This
Holy Week, we have installed a (borrowed) labyrinth in the middle of the nave.
Labyrinths have a long tradition as an aid to meditative walking. They can be
found permanently marked out in the floors of cathedrals, or temporarily laid
out in canvas on the floor of the Minster. But to an ancient tradition, we have
added a contemporary twist: inviting people to bring items for the local food
banks, and to place them along the edge of the path. For God may be encountered
both in suffering and in compassion; in desperate circumstances, in the face of
the one who has need to come to a food bank, and in the face of the one who
volunteers there.
The
labyrinth is available for unguided walking throughout the day (9am-3pm) but
also in led meditations (7.30-8.30pm Monday, Tuesday, Wednesday; 12-2pm Good
Friday). Last night I introduced the idea to those for whom it was new, by
walking the labyrinth with a commentary of my experience walking it earlier in
the day.
There
is no prescriptive way of walking, but a common one is to walk slowly into the
centre releasing something to God;
to spend time at the centre receiving
something from God; and then to walk slowly back out to the edge, returning to the everyday world beyond.
That
said, it can also be good to walk with no agenda, and simply for the sake of
setting aside time in the presence of our own body – this is a tactile experience –
and God
and those
around us – this labyrinth is easily big enough to take nine or ten
people at any time.
I
began by reading, slowly, prayerfully, through the Passion narrative in Mark’s
Gospel; asking the Holy Spirit to give me a word to carry into the labyrinth,
to turn over in prayer.

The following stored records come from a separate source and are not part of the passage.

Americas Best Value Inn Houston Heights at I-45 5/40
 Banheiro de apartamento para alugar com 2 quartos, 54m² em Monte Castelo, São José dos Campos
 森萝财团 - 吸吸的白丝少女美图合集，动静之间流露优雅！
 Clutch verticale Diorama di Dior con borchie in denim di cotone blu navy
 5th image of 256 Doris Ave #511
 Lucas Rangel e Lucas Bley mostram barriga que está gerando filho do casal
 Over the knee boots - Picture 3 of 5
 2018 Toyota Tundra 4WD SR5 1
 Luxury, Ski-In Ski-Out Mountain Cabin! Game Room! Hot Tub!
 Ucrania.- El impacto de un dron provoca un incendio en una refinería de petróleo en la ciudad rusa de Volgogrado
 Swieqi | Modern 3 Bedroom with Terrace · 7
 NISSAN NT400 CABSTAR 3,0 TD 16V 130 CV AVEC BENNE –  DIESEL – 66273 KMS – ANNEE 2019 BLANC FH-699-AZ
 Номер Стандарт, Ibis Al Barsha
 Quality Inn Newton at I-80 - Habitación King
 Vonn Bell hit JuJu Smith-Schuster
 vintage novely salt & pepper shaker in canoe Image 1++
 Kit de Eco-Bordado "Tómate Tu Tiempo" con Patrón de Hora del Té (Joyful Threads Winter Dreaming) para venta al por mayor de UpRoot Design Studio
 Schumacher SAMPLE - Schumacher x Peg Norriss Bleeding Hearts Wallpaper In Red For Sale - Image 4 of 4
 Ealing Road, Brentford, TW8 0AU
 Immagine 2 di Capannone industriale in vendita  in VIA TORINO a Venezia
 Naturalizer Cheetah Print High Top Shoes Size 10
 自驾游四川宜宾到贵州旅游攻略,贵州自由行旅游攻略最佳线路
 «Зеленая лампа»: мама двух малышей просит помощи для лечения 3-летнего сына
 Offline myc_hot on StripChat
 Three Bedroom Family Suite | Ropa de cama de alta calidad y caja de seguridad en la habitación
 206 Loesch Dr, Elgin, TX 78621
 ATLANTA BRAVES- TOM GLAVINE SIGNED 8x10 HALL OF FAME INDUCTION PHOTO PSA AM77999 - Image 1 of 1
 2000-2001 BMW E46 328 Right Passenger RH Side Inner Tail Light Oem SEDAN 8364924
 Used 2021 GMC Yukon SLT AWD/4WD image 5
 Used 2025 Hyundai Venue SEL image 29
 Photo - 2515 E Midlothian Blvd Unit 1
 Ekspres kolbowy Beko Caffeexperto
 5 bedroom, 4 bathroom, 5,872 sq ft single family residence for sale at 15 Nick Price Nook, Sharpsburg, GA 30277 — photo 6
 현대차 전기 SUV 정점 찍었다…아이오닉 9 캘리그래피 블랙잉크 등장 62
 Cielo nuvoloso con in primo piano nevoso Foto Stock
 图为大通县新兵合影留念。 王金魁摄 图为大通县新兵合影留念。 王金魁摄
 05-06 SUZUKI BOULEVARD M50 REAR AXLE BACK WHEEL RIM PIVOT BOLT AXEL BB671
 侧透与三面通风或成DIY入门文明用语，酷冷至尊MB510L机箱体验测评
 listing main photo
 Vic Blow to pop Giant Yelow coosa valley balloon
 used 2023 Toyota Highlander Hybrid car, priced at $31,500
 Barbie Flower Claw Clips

Short words, one or two syllables, spoken with each breath
in and out, can be an aid to reflective prayer.
The
word that ‘caught’ as I read was ‘naked’ – when Jesus is arrested, a young man
wearing only a linen robe is caught, but wriggles out of his clothes and runs
away naked.
I
took off my shoes – a practicality, to protect the canvas; but also a
recognition of being on holy ground, and part of the tactile experience – and
stepped into the labyrinth, slowly turning over the word naked, naked…naked I
came from my mother’s womb and naked I shall return – the words that came into
my mind are those of Job, when catastrophe robs him of his identity in work, of
his identity as a father, and almost of his identity as a husband. But not of
his identity as one who receives identity from God, in gain and in loss, in
blessing and in suffering. As I continued to walk, I reflected on this, on the
reality that we bring nothing and take nothing with us, on how that challenges
our assumptions about privilege and entitlement. Things in my society – and in
me – that I needed to release to God.
Walking
a little further along the path, still meditating on naked, I was hit by the
word shame. Not shame concerning physical nakedness, but the shame of being
stripped of the image we construct and present to the world. The shame of
having to go to a food bank. The precarious shamelessness of the powerful –
including myself. Here was more to release to God, and an exploration of the
ways in which I ‘dress’ myself, present myself, so as to hide rather than
reveal my true self.
Arriving
at the centre, I knelt and continued to pray, asking to receive. Almost
immediately, Jesus spoke to me about the sheep and the goats (Matthew 25). Not
in terms of ‘this is what you ought to do’ but as a fresh revelation that Jesus
fully identifies with those who are naked, with those who are hungry. Not only
with those who are these things physically, but also with those who are naked
and hungry spiritually. That in my recognition of my own nakedness, and that of
my society, Jesus was to be found.
And
then another passage from scripture came to my mind – the more familiar we are
with scripture, the more God can speak to us through scripture – Zechariah’s
vision of the high priest Joshua (coincidentally, the Hebrew version of the Greek
name Jesus) standing in filthy robes and being accused by Satan (satan means,
the accuser). But God rebukes the accuser, and commands that Joshua’s filthy
robes be removed and festal robes put on him, symbolising that God has dealt
with his guilt. The vision continues with the promise of a day when God will
remove the guilt of the nation in one day, and when each one will invite one
another to sit under their vine and fig tree. In other words, a sudden and
decisive change, and a sharing of resources.
It
felt like a commissioning, both personal and corporate, to live out that vision,
to live as those whose own guilt has been dealt with in order that we might be
generous with our resources. And so the walk back out from the centre to the
edge was a prophetic act, a response, a returning for the world God loves and
for which he gave his Son, even though we rejected him.
And
the reality is that it is hard to live that way on a daily basis, and that we
need such moments when we can struggle to release into God’s hands what we
ought not to carry around as a burden; receive from Jesus that which he wants
to give us instead; and return to the world to share what we have received with
others.
I
know that other people have had experiences every bit as significant, and even
more so. And for those who have not, the very least that has happened is that
they have sat prayerfully in God’s house, and perhaps read through the Passion
narrative – and that in itself is a significant moment.
The
Labyrinth For Our Times is a real gift to us, and from us, this Holy Week.